**Information supplied**.
######

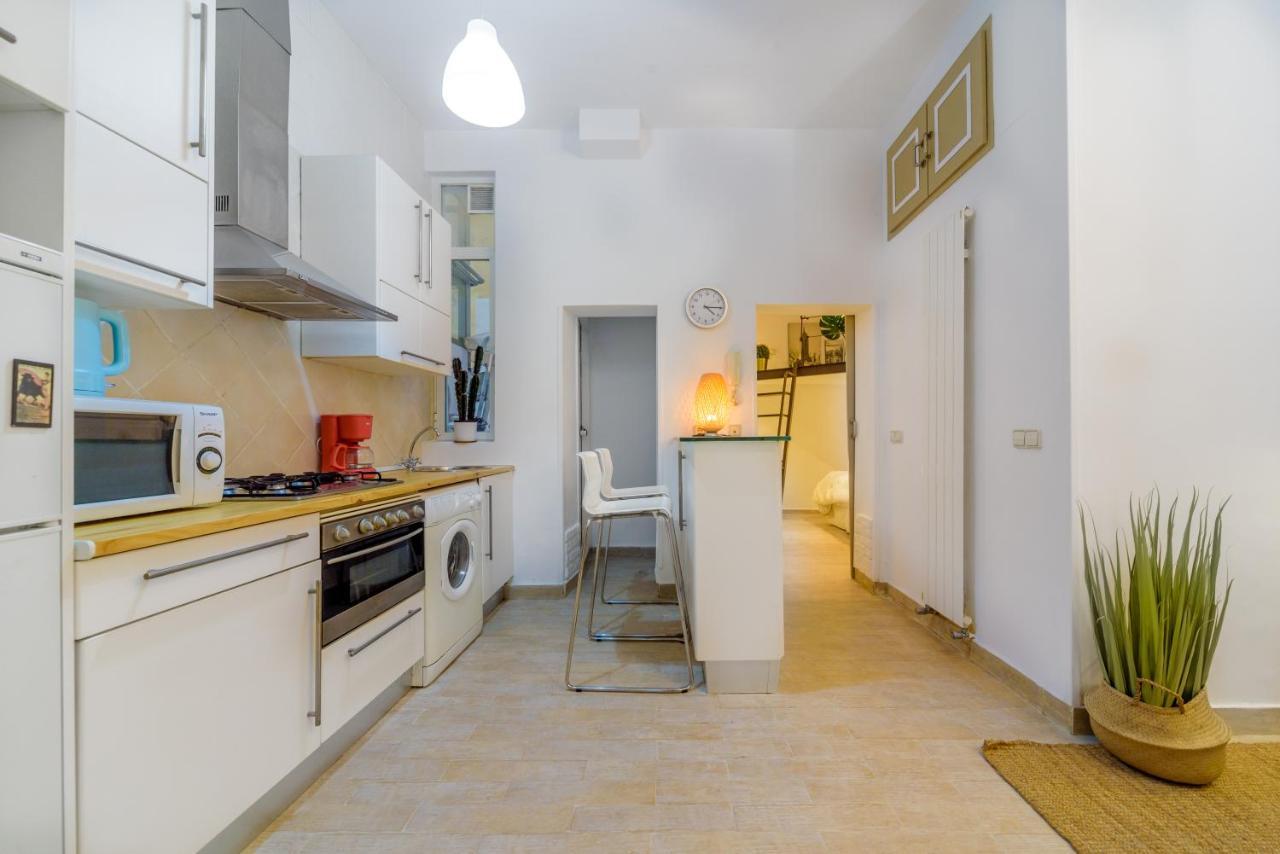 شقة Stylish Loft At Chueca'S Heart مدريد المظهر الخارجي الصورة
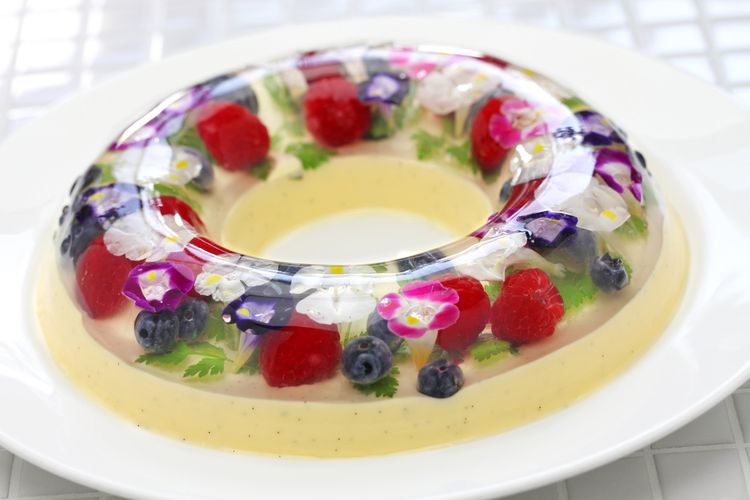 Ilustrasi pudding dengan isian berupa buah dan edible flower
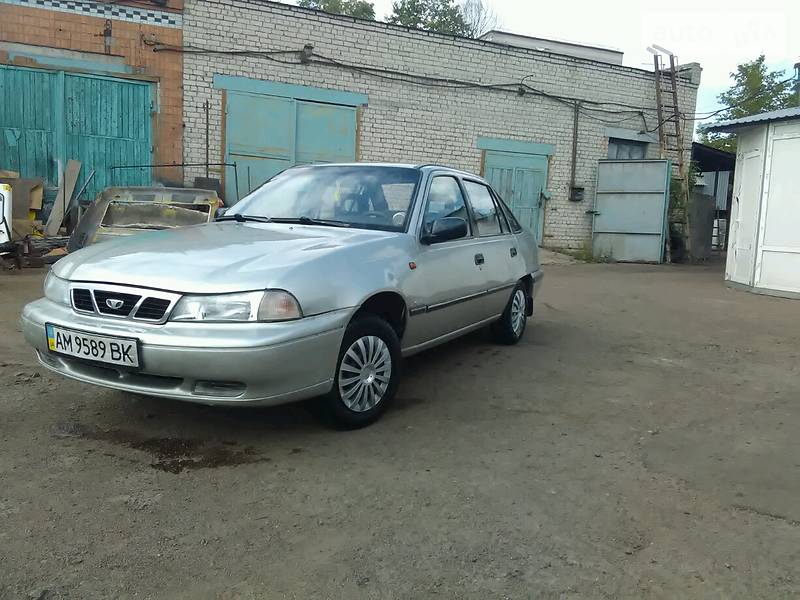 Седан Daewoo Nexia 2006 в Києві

######

**What the task requires**. A verbatim copy of the listing, with all pictures removed, is required.

**Result for this task**.
 شقة Stylish Loft At Chueca'S Heart مدريد المظهر الخارجي الصورة
 Ilustrasi pudding dengan isian berupa buah dan edible flower
 Седан Daewoo Nexia 2006 в Києві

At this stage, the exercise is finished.